Top of Records for this exercise

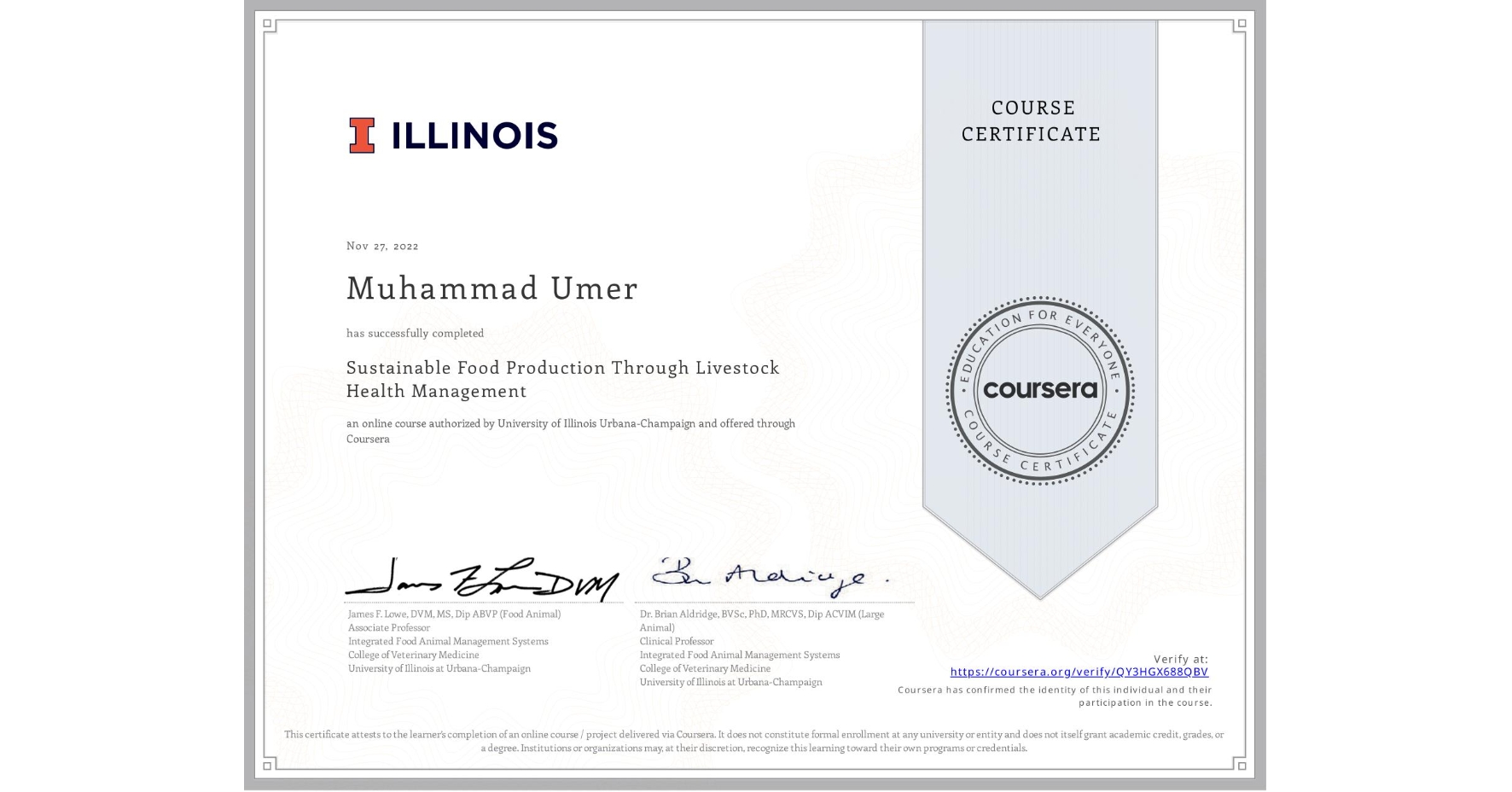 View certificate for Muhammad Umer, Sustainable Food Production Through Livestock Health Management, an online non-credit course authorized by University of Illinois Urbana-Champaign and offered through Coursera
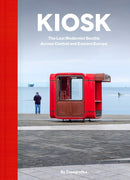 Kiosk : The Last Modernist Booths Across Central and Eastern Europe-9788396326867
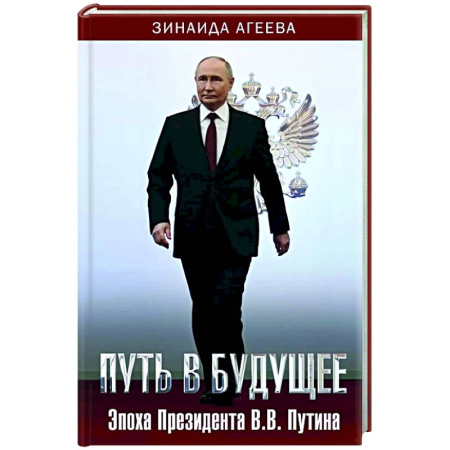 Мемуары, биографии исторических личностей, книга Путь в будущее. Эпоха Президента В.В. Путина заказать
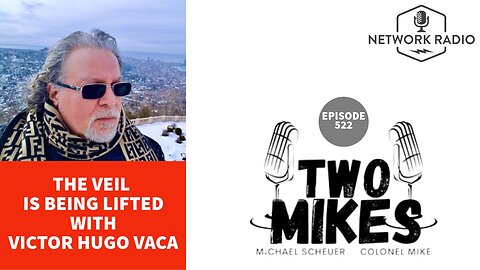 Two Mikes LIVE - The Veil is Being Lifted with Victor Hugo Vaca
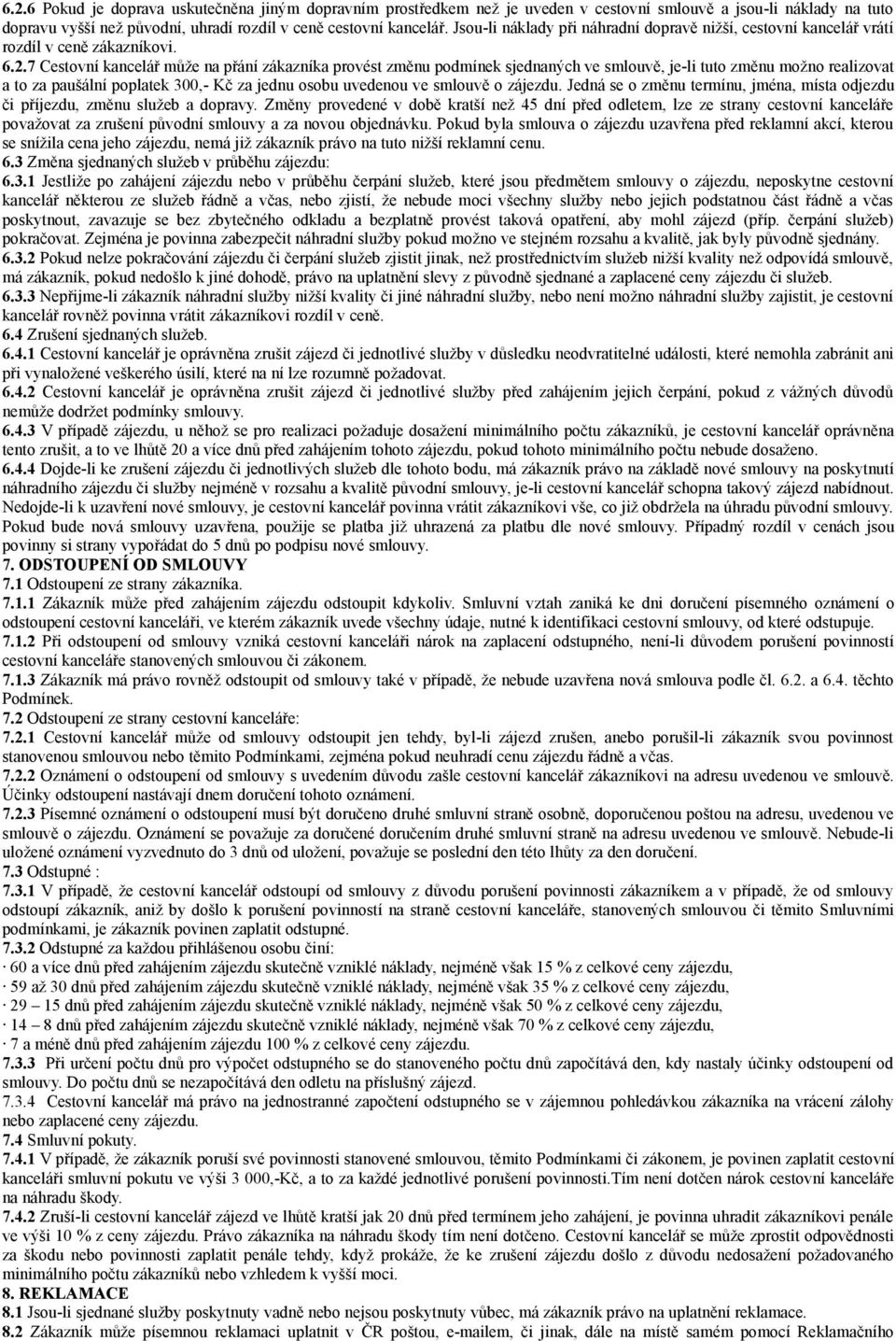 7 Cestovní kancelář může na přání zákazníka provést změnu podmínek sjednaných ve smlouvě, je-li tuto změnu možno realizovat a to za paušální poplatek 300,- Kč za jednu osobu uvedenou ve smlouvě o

Bottom of Records for this exercise

Task instructions: Exactly the lines from the start of the entries above through the line with "Two Mikes LIVE" should be reproduced, and nothing else; drop the pictures.

Reply to the exercise:
 View certificate for Muhammad Umer, Sustainable Food Production Through Livestock Health Management, an online non-credit course authorized by University of Illinois Urbana-Champaign and offered through Coursera
 Kiosk : The Last Modernist Booths Across Central and Eastern Europe-9788396326867
 Мемуары, биографии исторических личностей, книга Путь в будущее. Эпоха Президента В.В. Путина заказать
 Two Mikes LIVE - The Veil is Being Lifted with Victor Hugo Vaca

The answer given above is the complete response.